Arrastrando ya los armiños imperiales, con el cetro en una mano y una resma de cuartillas en la otra, Bonaparte entra a cualquier hora del día y de la noche en el palacio donde se imprimía el Moniteur y mantiene en actitud de firmes a toda la redacción, mientras corrige una a una las noticias que se van a publicar al día siguiente, y de su puño y letra, escribe: "L'Ami des Lois dice que el Emperador está preparando una fiesta que costará doscientos mil francos. Burda falacia la suya, pues el Emperador sabe de sobra que doscientos mil francos representan el sueldo de una brigada durante seis meses". En otro ejemplar, su pluma sale en defensa de madame Josefina: "Cómo se puede creer que la Emperatriz haya encargado un coche a Londres, estando a la vista de todos que pasea en el orgullo de Francia". Y por si esto fuera poco, su celo imperial llega hasta improvisar un libro de estilo: Donde dice "En vista del embarazo de la Emperatriz", resultaría más propio del Moniteur decir: "En vista del estado de la Emperatriz".

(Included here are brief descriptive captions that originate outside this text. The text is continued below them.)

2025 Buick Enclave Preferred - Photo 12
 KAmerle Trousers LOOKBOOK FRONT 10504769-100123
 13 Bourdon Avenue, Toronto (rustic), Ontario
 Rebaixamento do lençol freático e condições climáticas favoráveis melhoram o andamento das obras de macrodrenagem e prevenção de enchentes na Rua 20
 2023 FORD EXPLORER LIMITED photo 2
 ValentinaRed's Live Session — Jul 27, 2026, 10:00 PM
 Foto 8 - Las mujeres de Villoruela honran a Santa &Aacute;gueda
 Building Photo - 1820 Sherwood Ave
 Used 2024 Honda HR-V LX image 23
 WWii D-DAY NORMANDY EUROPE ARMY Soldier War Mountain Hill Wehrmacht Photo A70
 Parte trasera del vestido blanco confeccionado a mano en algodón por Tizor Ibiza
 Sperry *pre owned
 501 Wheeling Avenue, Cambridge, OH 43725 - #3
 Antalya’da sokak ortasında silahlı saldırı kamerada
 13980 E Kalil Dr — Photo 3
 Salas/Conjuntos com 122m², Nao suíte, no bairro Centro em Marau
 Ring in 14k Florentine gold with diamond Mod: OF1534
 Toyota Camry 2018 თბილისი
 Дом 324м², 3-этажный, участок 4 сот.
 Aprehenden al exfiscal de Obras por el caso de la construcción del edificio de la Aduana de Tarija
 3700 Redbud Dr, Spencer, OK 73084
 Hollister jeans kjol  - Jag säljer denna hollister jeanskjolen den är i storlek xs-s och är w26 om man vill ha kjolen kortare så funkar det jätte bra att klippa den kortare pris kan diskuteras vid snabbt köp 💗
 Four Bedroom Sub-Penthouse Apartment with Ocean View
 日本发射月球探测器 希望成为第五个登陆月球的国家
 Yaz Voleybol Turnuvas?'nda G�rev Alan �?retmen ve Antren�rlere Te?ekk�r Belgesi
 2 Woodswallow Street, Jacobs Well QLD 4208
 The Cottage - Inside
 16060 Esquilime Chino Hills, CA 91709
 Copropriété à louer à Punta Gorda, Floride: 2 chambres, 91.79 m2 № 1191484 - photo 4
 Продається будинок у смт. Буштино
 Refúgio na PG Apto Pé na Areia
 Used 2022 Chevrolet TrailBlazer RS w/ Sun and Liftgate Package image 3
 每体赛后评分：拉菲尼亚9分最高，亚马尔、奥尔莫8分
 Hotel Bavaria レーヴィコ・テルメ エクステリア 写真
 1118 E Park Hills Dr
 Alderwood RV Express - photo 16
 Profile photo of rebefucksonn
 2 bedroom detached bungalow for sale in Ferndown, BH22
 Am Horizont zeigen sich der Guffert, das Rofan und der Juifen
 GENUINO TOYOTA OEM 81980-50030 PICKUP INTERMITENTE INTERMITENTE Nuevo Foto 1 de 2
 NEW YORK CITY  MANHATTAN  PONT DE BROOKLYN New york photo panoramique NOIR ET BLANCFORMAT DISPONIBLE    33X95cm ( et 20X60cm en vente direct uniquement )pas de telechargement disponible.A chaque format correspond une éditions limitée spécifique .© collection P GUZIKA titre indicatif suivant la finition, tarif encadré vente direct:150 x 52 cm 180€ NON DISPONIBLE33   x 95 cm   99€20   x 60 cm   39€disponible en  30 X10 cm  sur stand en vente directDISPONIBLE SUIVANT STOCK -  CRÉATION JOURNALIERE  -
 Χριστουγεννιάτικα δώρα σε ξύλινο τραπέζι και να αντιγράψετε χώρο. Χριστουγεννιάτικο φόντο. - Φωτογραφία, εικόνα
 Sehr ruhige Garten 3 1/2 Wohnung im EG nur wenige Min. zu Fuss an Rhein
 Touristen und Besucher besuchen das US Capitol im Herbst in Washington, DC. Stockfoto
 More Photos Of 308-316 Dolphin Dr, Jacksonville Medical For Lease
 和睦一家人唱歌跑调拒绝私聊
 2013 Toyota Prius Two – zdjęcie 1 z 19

Ciertamente, tanta delicadeza en los medios contrasta con el evidente totalitarismo de los fines. Pero como un auténtico adelantado de la modernidad, Napoleón sabe ya que la opinión no se conquista sólo por medio de grandes editoriales, sino también a través de la manipulación hasta de las pequeñas notas de sociedad que la ciudadanía lee creyéndose en ellas a salvo de la ideología. Tanta fue su eficacia que, incluso después de la caída de Bonaparte, los prebostes de la Restauración abundaron en sus prácticas, e incluso llegaron a crear una Sociedad de las Buenas Letras, a la que había de afiliarse todo periodista o escritor que quisiera seguir disfrutando de las prebendas del régimen. Y una vez más, el mismo Stendhal que perdió su admiración por Napoleón leyendo el Moniteur -"Sus artículos eran máquinas de guerra"-, lamentará que se afilien a ese sindicato glorias nacionales como Víctor Hugo o Alfred de Vigny.

Dos siglos después, sería excesivo decir que en todo periódico haya latente una tentación napoleónica, pero sí es cierto que toda forma de poder aspira a una forma de control sobre los medios. Sin descubrir nada en lo general, el general Bonaparte sorprende sin duda en lo humano, al imaginarlo también como periodista. Y sería de ver hoy un caso semejante en un presidente que se apeara del rango y de la gloria, para sentarse en una mesa de redacción afecta a su gobierno y escribir su versión de los hechos incluso en las secciones más insignificantes.

Aterrador como sería en sus fines, no dejaría de ser bastante divertido en los medios, a condición de que nos regalaran con alguna perla de ingenio como las que prodigaba el ciudadano Bonaparte: "¡Siempre hay algo que arreglar en esas máquinas!", escribió colérico en cierta ocasión. Pero esa vez no se refería a los periódicos. Por fortuna, sólo estaba hablando de mujeres.